Entries in Regency Bar & Grill (1)

Monday
Feb172014

Regency Bar & Grill

When you spend a year and $100 million renovating your Upper East Side Hotel, you’ve got to make it back somehow. What else explains a restaurant that charges so much, and delivers so little in return?

The Regency Bar & Grill opened in January in the 38-year-old Loews Regency Hotel on the Upper East Side. The space where the legendary “power breakfast” originated was gutted and re-built. (The old furniture went to a Coney Island Senior Center.)

At first glance, you’d say they got their money’s worth. It’s a plush white-tablecloth room, with polished aluminum fixtures, cozy banquettes, and walls adorned with historical black-and-white photos of Manhattan habituées. You’d never dream of building such a space downtown, but for the neighborhood it’s in, and the clientele it has to serve, it feels pitch-perfect.

 

The cocktails are $18 apiece, but the bartenders know their craft, once get their attention. A Rob Roy was prepared with Sheep Dip Whisky (they gave a taste of that on the side) and served with a 2-inch-square ice cube, the kind the top-drawer cocktail parlors use. The tab is transferred to the table if you ask.

The Sant Ambroseus team (who run this joint) clearly wanted the Regency to be higher-profile than 540 Park, the last restaurant in this space. They lured Dan Silverman from the Standard Grill downtown, where he got one star from Pete Wells. The guy has been around, including stops at Alison on Dominick, Union Square Cafe, and Lever House.

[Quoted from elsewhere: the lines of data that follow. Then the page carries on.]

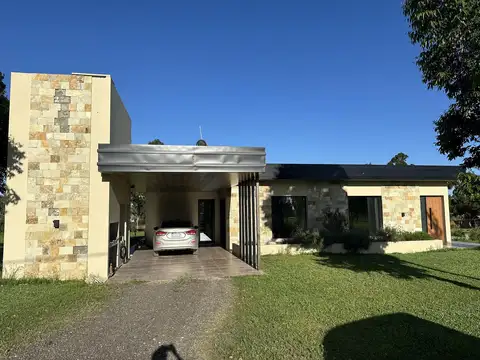 Casa en Venta en Ejido Colon, USD 165.000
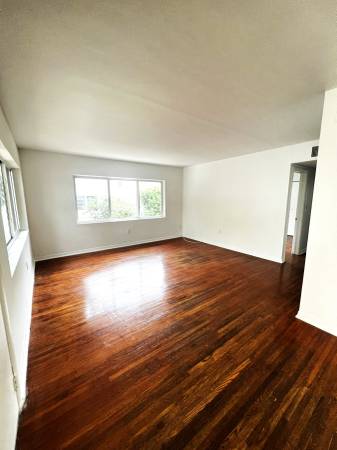 $4,990 / 3br - House FOR RENT with large yard at (Coconut Grove)63825138151683123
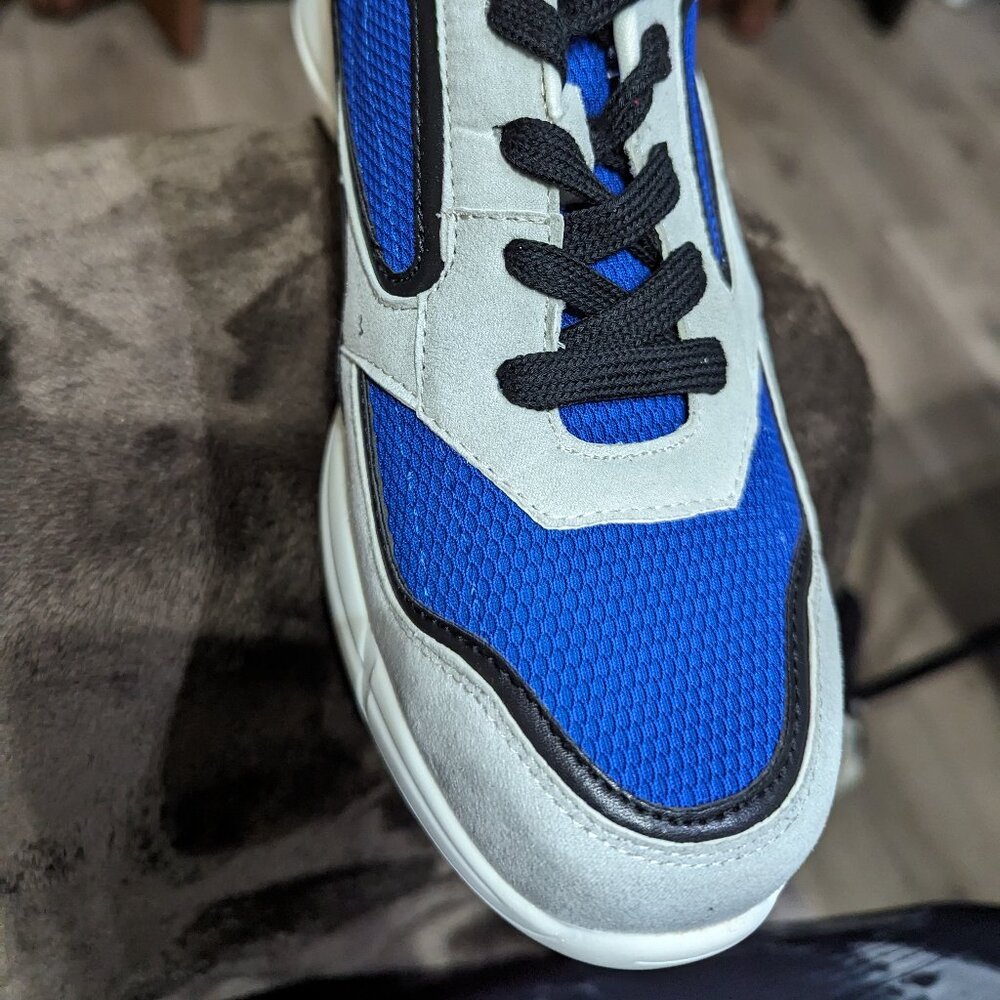 Material girl sneaker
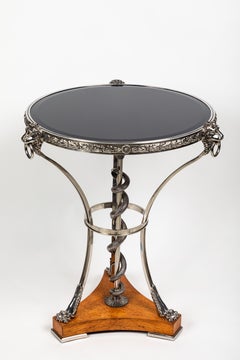 Gueridon mit Schlangendetail von Theodore Alexander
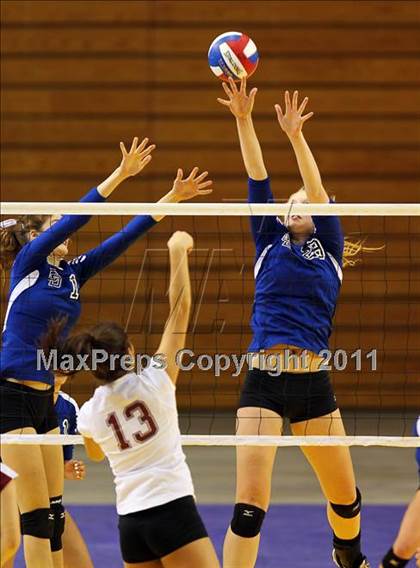 Thumbnail 3 in Sacred Heart Prep vs. La Jolla Country Day (CIF D4 State Final) photogallery.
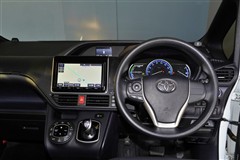 ノア ハイブリッド X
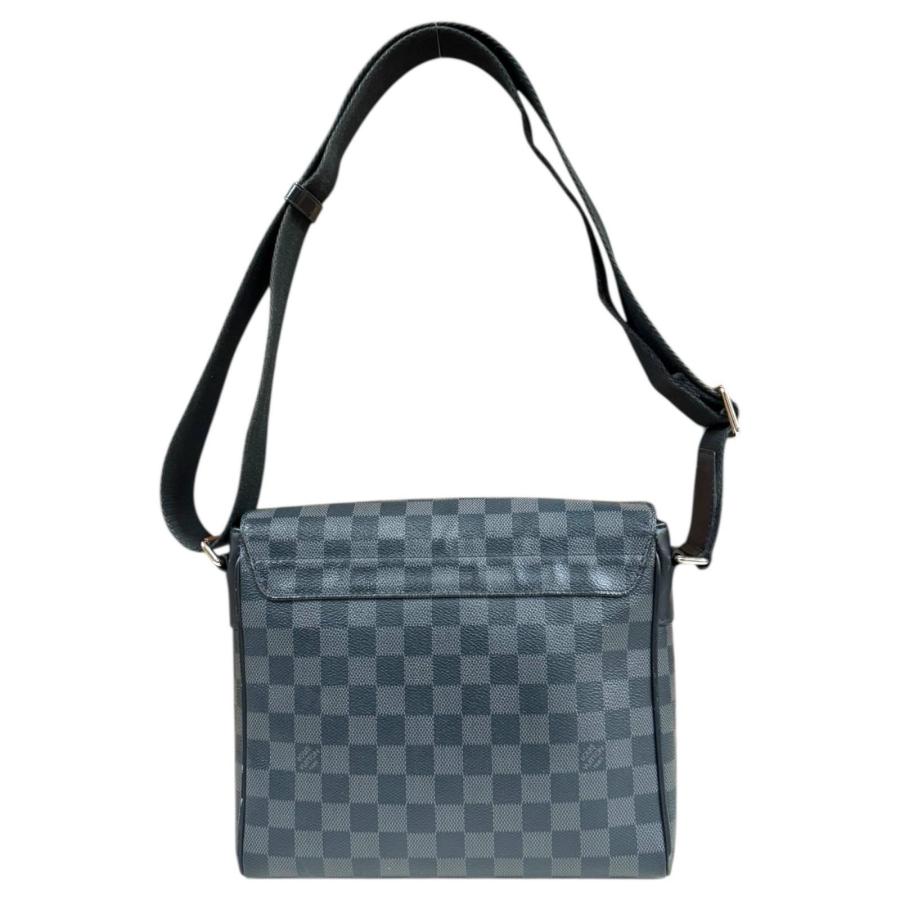 LOUIS VUITTON（ルイ・ヴィトン） ディストリクトPM NM ショルダー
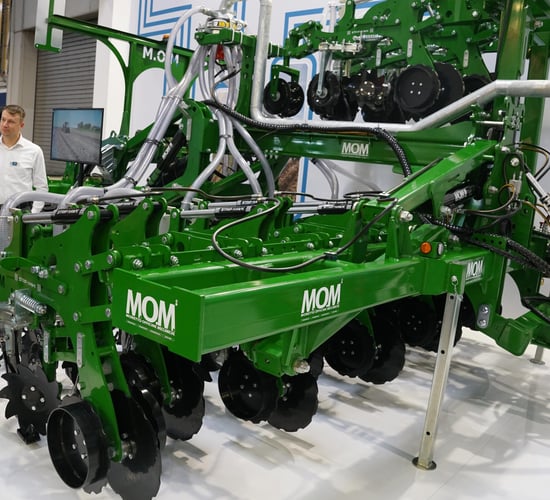 MOM's strip-till machines gain in flexibility and size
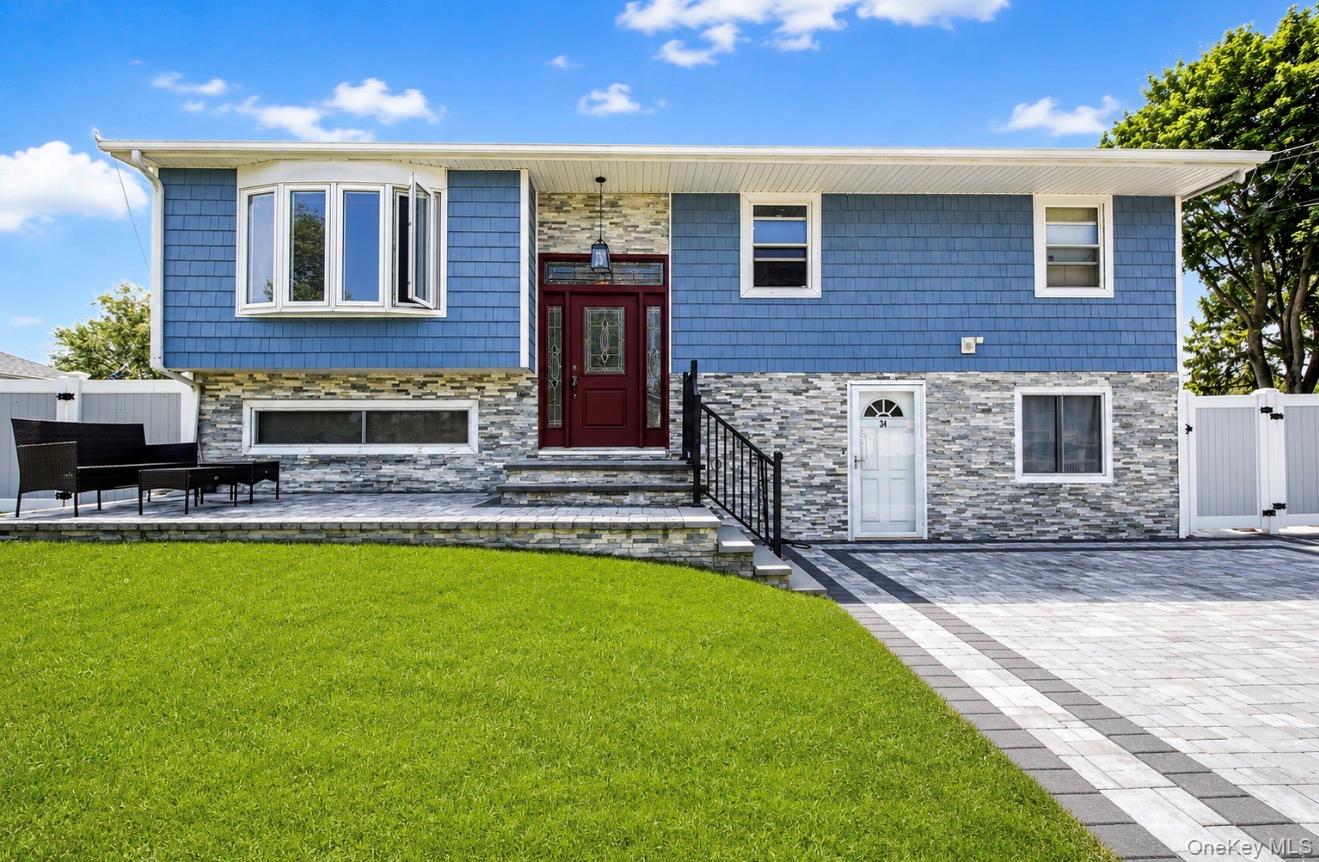 34 Fairdale Drive – For Sale
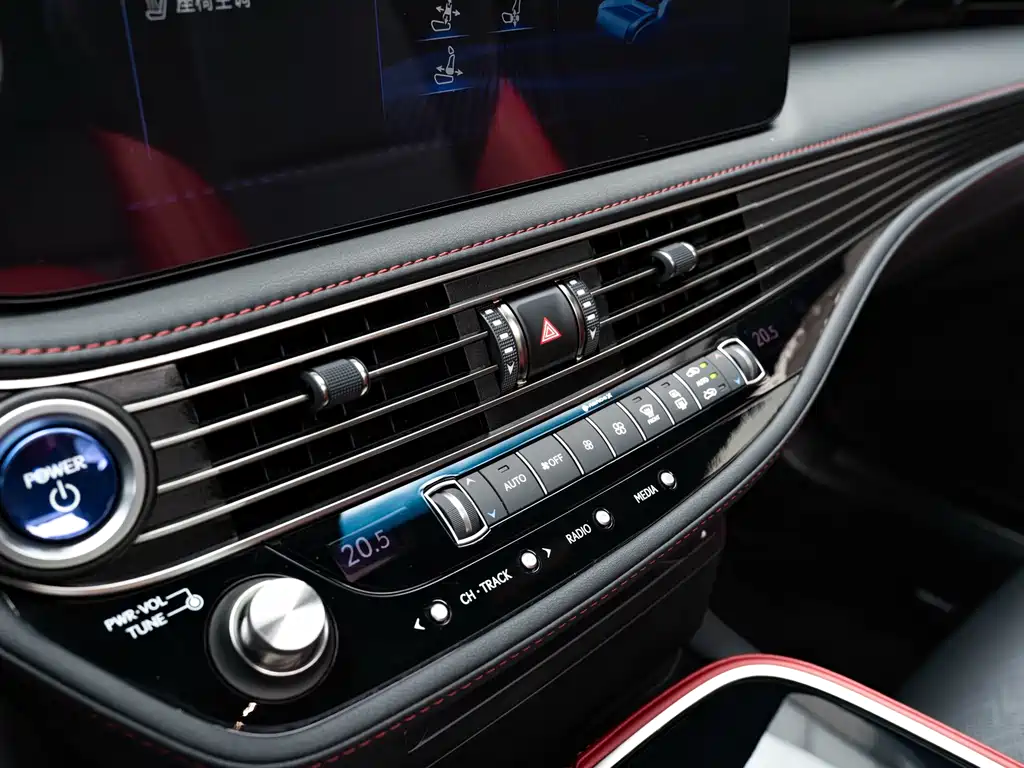 Lexus LS — миниатюра 17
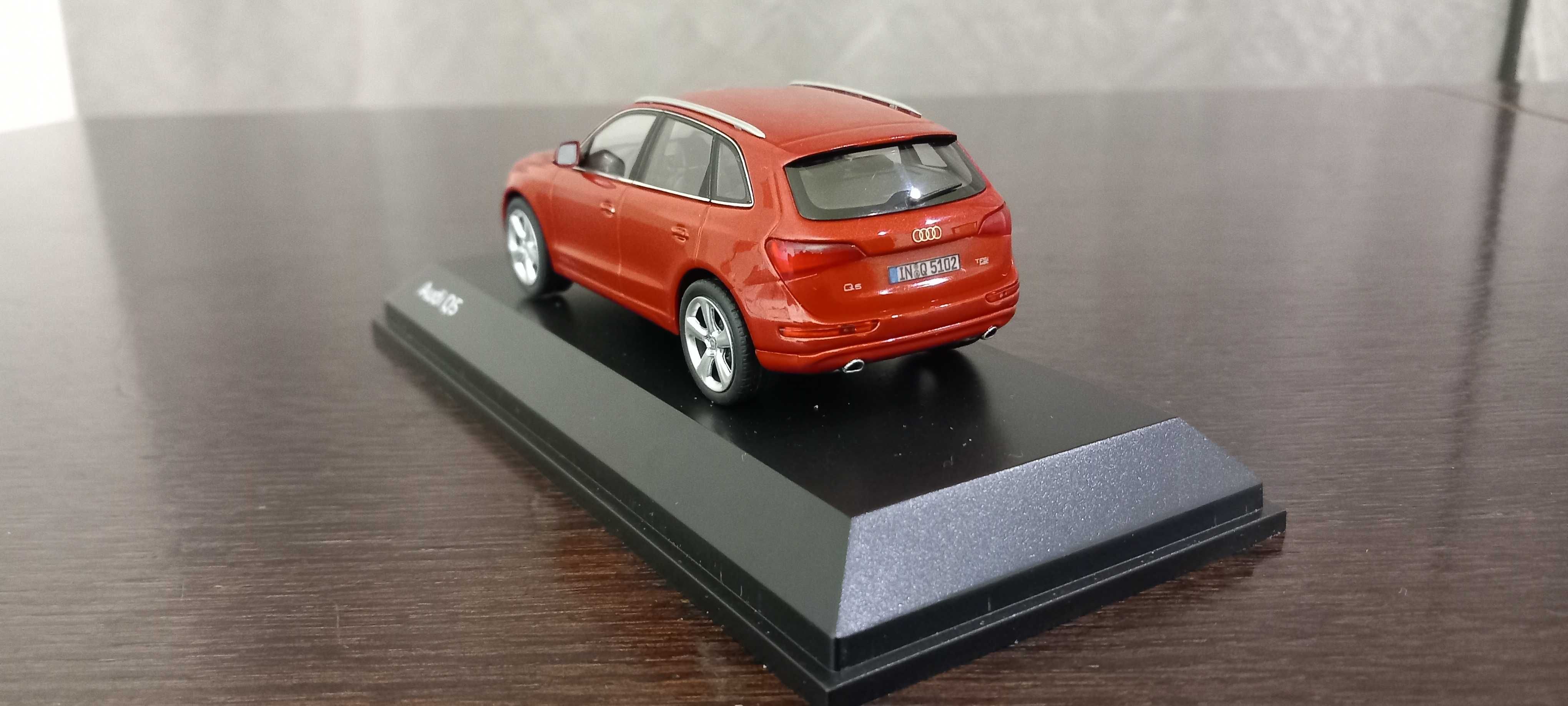 Audi Q5  1/43 Schuco Norev Minichamps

He seems to last about five years, wherever he goes.

The opening was deftly publicized, with multiple blog posts on the likes of Eater, Grub Street, and similar sites, and a photo of Silverman in The Times. I’ll admit I was played. I have nothing against the neighborhood, as regular readers well know, but I wouldn’t ordinarily go running to an Upper East Side hotel restaurant.

The last time I sampled Silverman’s cooking was in 2006, at Lever House, where the prices (adjusted for inflation) were about the same as they are here. I wasn’t wowed and had no desire to go back. I have the same impression today.